**Exercise**
The listing below holds a line with "House - Semi-Detached" and a later line with "5444 Zeil Pl". Write out those two lines and every line between them, exactly, and nothing else.

**Data records**
>>>>

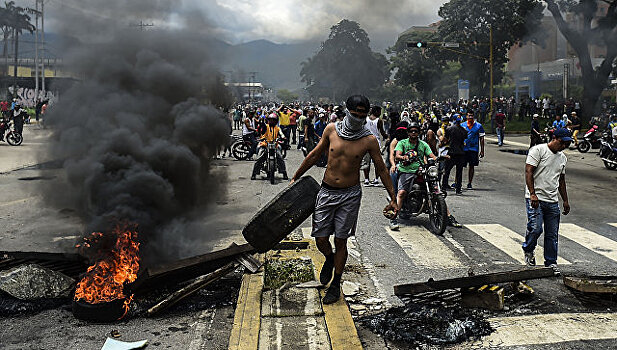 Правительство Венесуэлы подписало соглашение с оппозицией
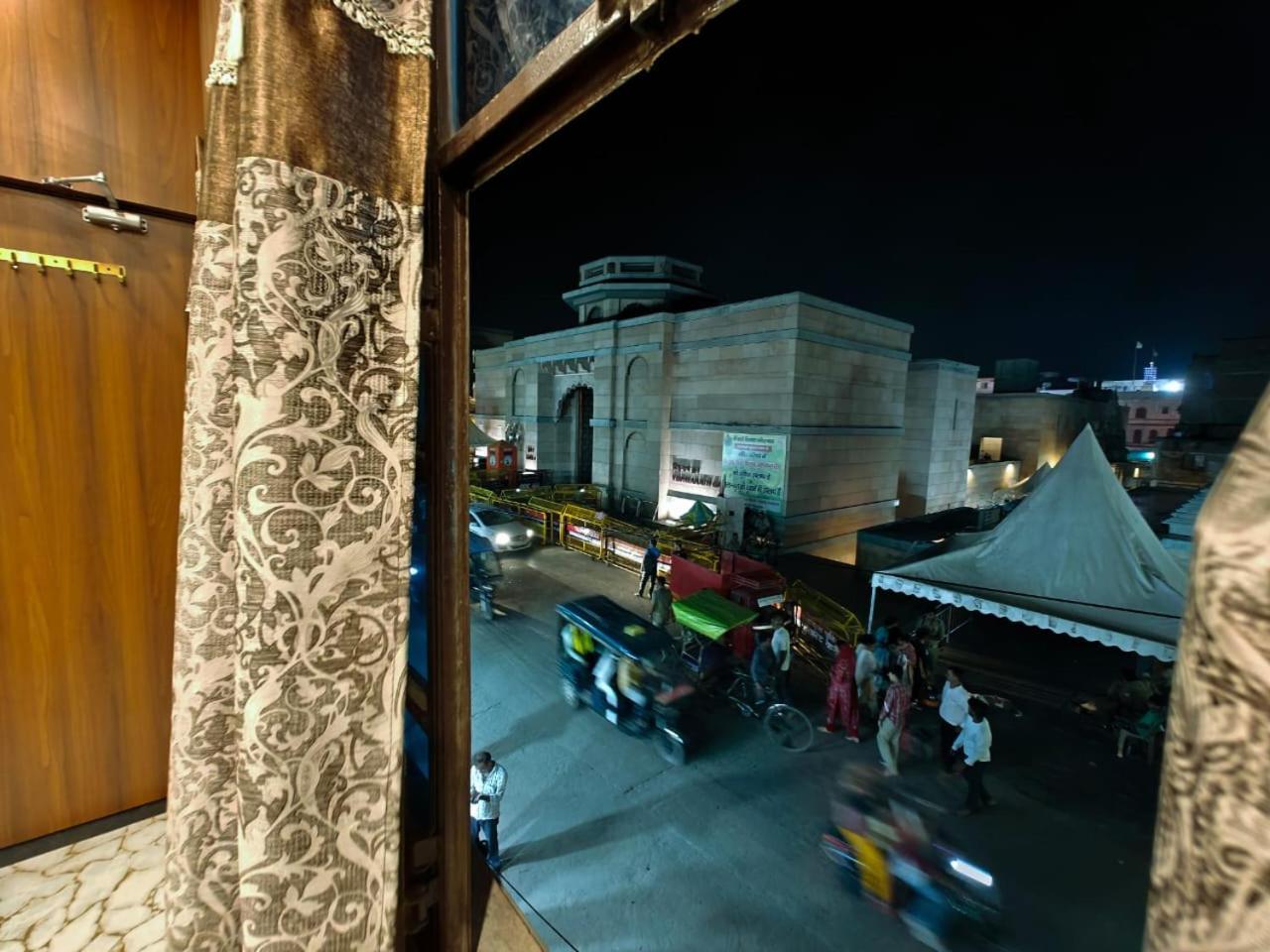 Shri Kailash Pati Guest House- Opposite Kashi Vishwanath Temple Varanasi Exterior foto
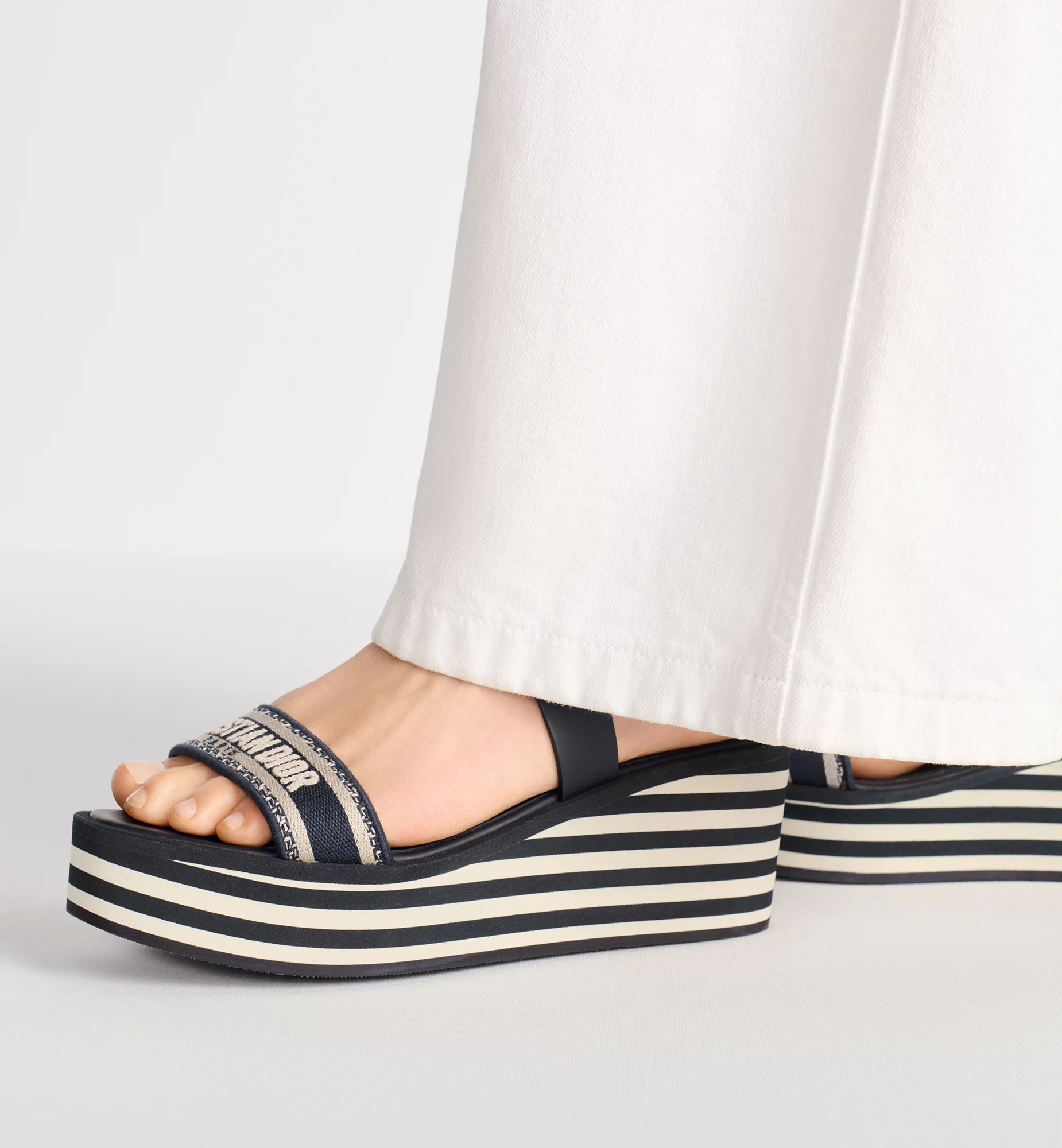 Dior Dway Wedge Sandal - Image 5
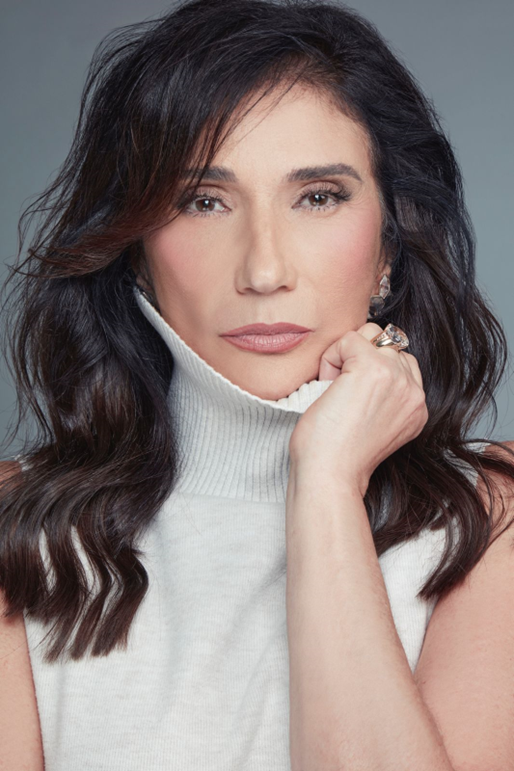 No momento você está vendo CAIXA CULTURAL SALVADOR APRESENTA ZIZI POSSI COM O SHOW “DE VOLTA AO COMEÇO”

<<<<
>>>>

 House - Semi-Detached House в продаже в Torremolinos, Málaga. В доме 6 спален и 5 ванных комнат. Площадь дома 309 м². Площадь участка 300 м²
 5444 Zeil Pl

<<<<

**Written response**
 House - Semi-Detached House в продаже в Torremolinos, Málaga. В доме 6 спален и 5 ванных комнат. Площадь дома 309 м². Площадь участка 300 м²
 5444 Zeil Pl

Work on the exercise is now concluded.